## Instructions to follow
Your answer should contain only the lines from the top of the data below down through the one with "포토 JPG 서양인 외국인", transcribed exactly and without pictures; please include nothing more.

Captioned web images
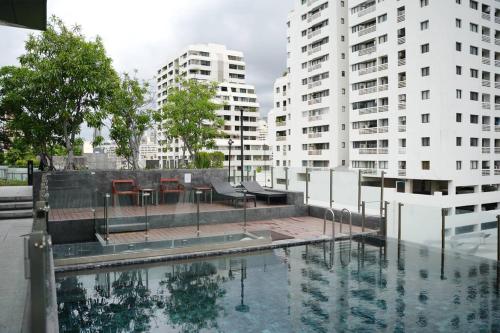 2 beds bangkok center max 6 في Klong Toi: تجمع مياه مع مبنيين طويلين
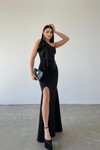 Siyah Scuba Kumaş Volan Ve Yırtmaç Detay Tek Omuzlu Uzun Abiye Elbise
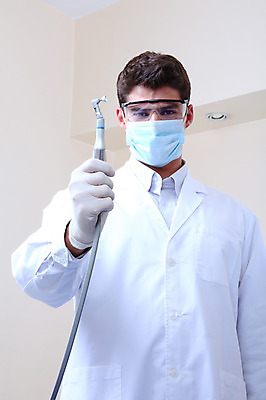 포토 JPG 서양인 외국인 직업 남자 안경 의료기기 실내 치과 병원 마스크 한명 들기 사람 성인 치료 진료 장비 의사 도구 의료용품 가운 의사가운 치과의사 치과용품 남자만 남자한명만 성인남자만 성인만 국내포토 1 잡화 옷 의학 모션 인종 내부 의료진 파일형식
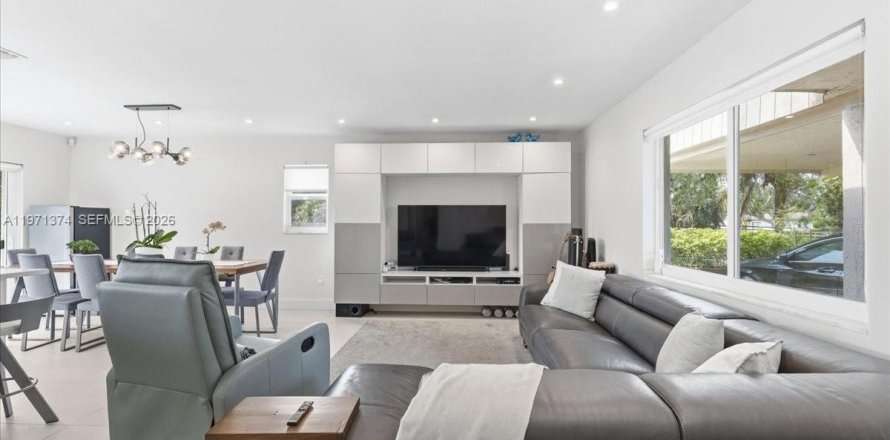 Casa en South Miami, Florida 3 dormitorios, 115.66 m2 № 2032149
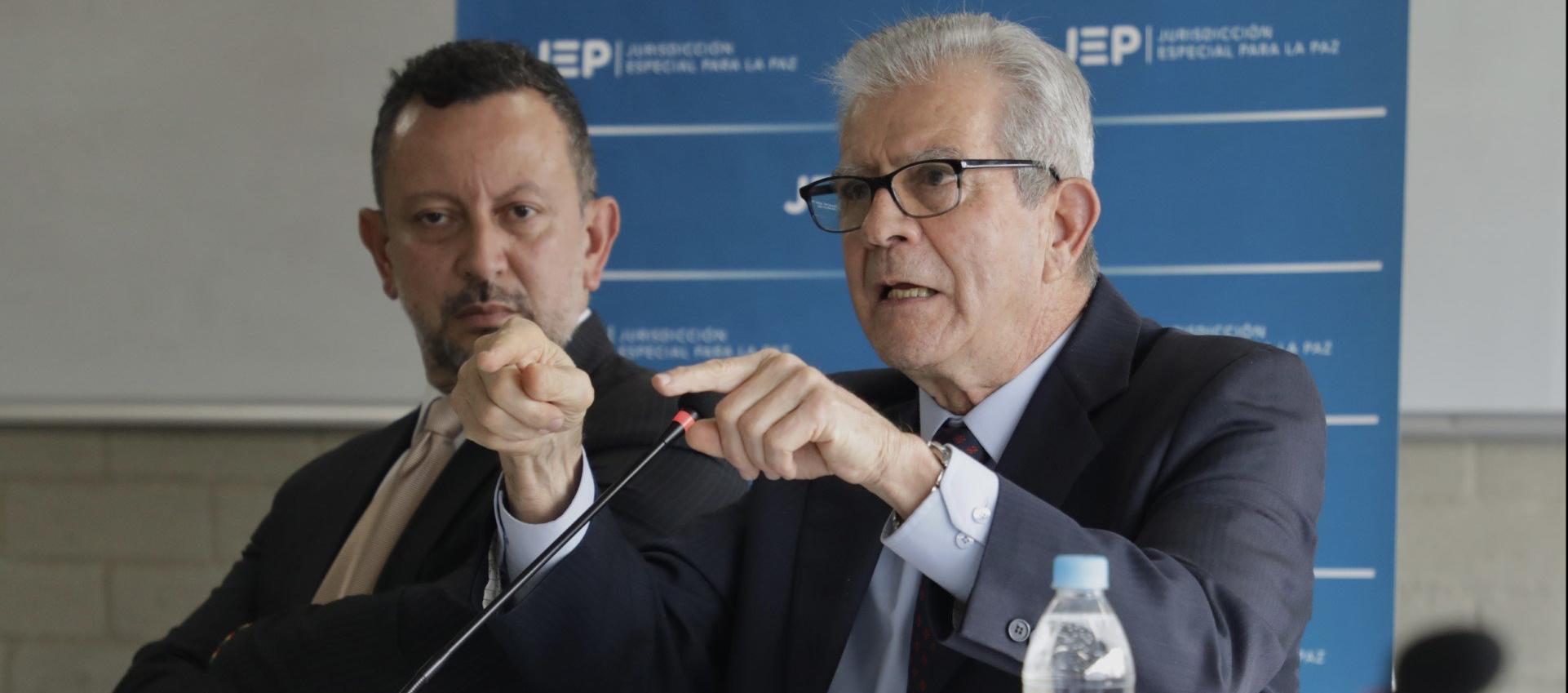 General retirado Mario Montoya.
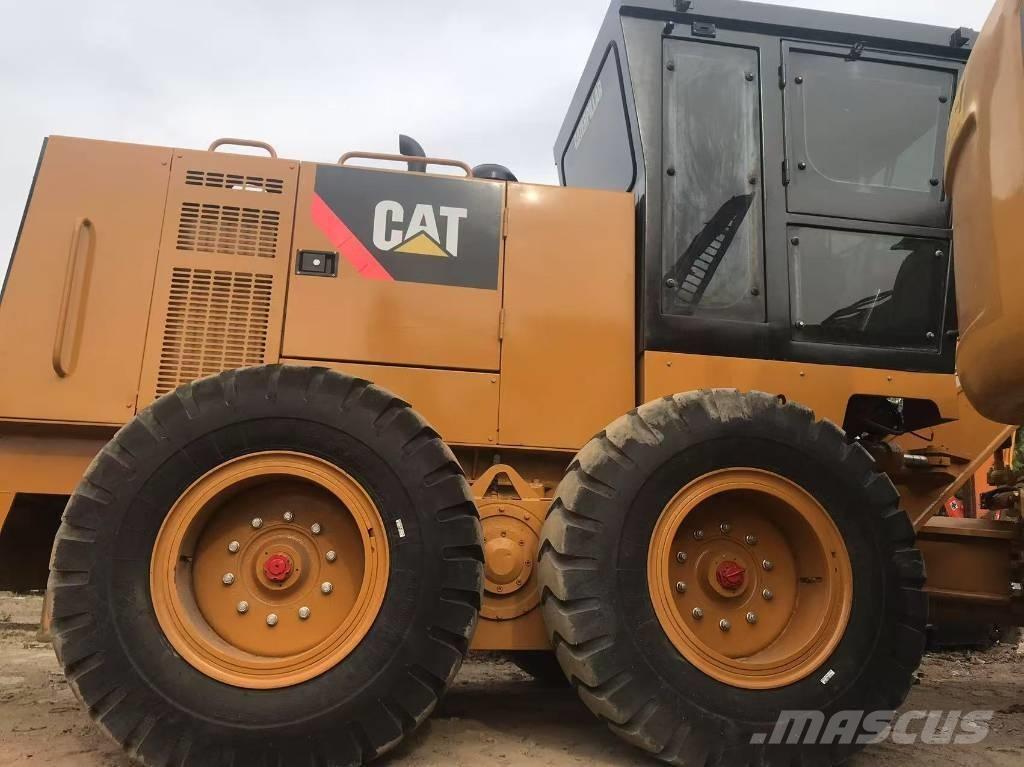 CAT 140k Greideri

## Written reply
 2 beds bangkok center max 6 في Klong Toi: تجمع مياه مع مبنيين طويلين
 Siyah Scuba Kumaş Volan Ve Yırtmaç Detay Tek Omuzlu Uzun Abiye Elbise
 포토 JPG 서양인 외국인 직업 남자 안경 의료기기 실내 치과 병원 마스크 한명 들기 사람 성인 치료 진료 장비 의사 도구 의료용품 가운 의사가운 치과의사 치과용품 남자만 남자한명만 성인남자만 성인만 국내포토 1 잡화 옷 의학 모션 인종 내부 의료진 파일형식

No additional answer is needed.